Smith admitted she was initially very afraid, but she said Dr. Marcus Cooper, the physician she was seeing for care, made her feel comfortable and assured that her illness was treatable.
She was placed on medications in pill form.
But an important treatment she now needs can only be administered intravenously.
“It is put through with IV. That is not a pill, so that’s why I had to go to oncology to go and take my medication, but when they said they don’t have [any] bed available, and they can’t accept me, I was hurt because I’m down bad, at my lowest, and I really need this medication,” she said.
Asked how it made her feel to keep calling and being told over the course of weeks that there is nothing that can be done for her right now, Smith said she sometimes feels incredibly discouraged, but holds strong to her faith and fights to remain positive.
“I’m hoping that I can get the treatment and hurry up and get better,” she told us.
“I know that they say there isn’t a cure for my disease, but my hopes are still up. I still believe that there’s a way and there’s a will. I need this medication to live. I lost weight. I don’t eat meals; I don’t have any appetite. I need this medication. It’s a need.”
We also asked her how she manages to stay positive at all under these circumstances.
“I pray,” Smith quickly responded with an assuredness that seemed to go well beyond her years.
“Every second I get, I pray. I just pray and I read my Bible and I ask the Lord for strength.
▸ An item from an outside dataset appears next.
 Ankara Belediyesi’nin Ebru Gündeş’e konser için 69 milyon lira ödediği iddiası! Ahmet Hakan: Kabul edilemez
I was supposed to be going back to school in January, but where I got so weak … I could barely walk to the bathroom. I could barely bathe myself. I just stay in bed all day. Now I’m bedridden.”
Others, too, are awaiting the call.
Last week, we told the story of Deangelo Cooper, a 36-year-old construction worker originally from Long Island, who has been waiting for someone from Princess Margaret Hospital (PMH) to contact him regarding a procedure he needs to identify why his blood count got so dangerously low that he collapsed on a job site in Exuma and had to be flown in on an emergency flight to New Providence on June 1.
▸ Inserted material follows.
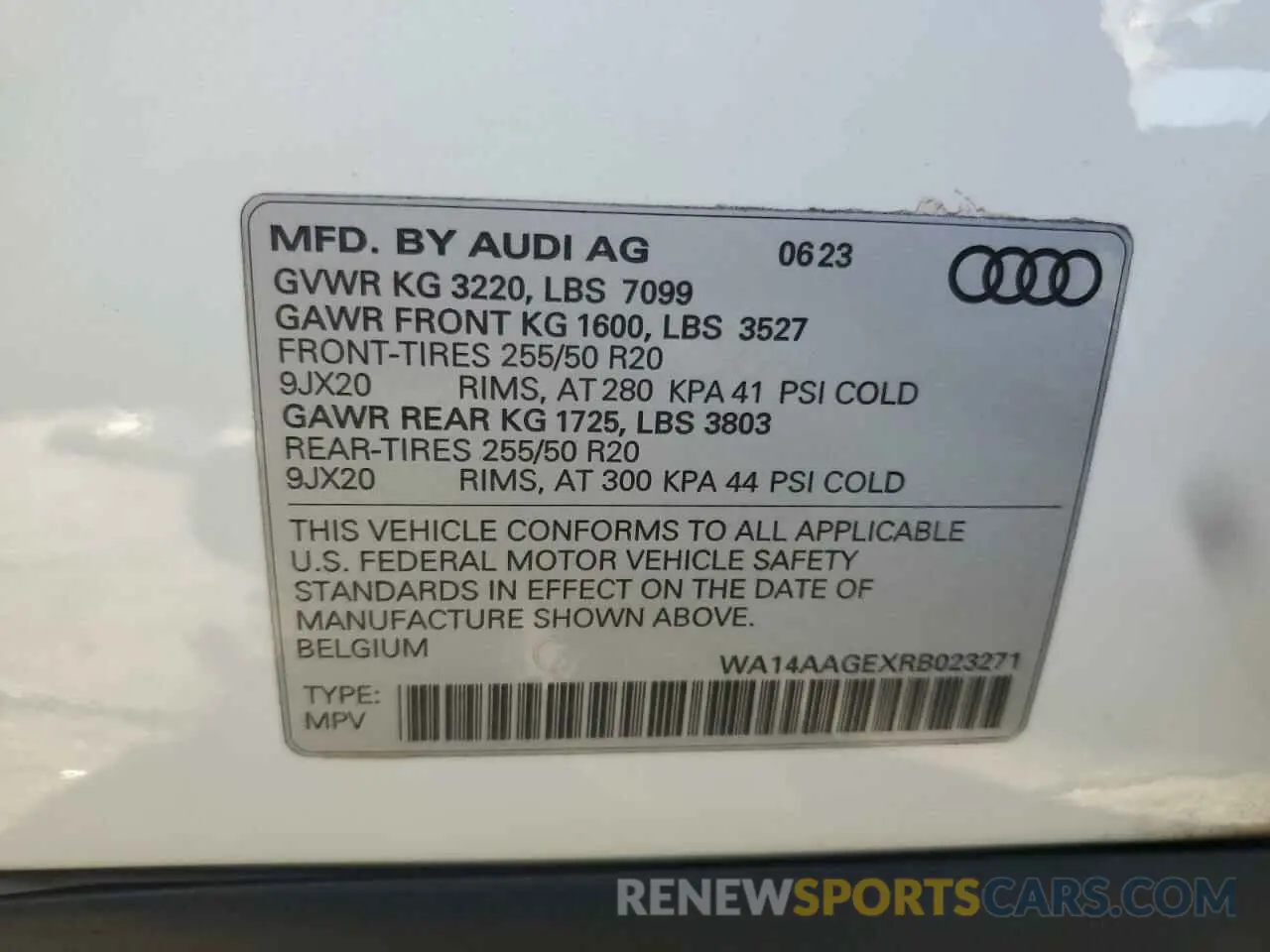 16 Photograph of a damaged car WA14AAGEXRB023271 AUDI Q8 E-TRON 2024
Cooper was discharged on June 17 and is renting a place in New Providence as he awaits a call from PMH.
Dr. Cooper has seen many such cases during this pandemic, where individuals who should long have received care are just languishing without any certainty or help.
When we first spoke with him last October on the crisis non-COVID patients were facing, he said no doubt, there are people dying, not from COVID, but because of their inability to access care. Others die at home because they are too afraid to go into a hospital for fear of contracting the virus.
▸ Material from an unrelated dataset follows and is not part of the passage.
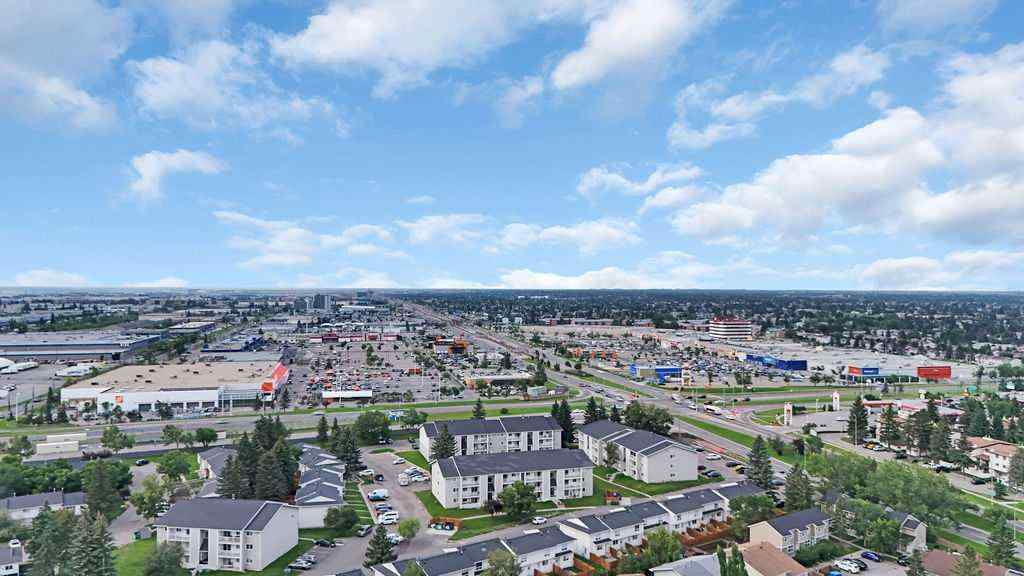 MLS® A2266165 - 10 Radcliffe Crescent SE in Albert Park/Radisson Heights Calgary, Residential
This is leading to what health officials identify as “excess deaths”.
Dr. Cooper said recently the oncology center is overwhelmed and is not taking any new patients, particularly patients who don’t have cancer, although they, too, are in urgent need of attention.
That has left Smith, the young woman with Crohn’s disease, without any immediate options.
While acknowledging she still gets scared sometimes, she said, “I’m just waiting. I’m thankful every day I wake up that I can open my eyes and know that God has given me a next chance and he isn’t done with me yet.”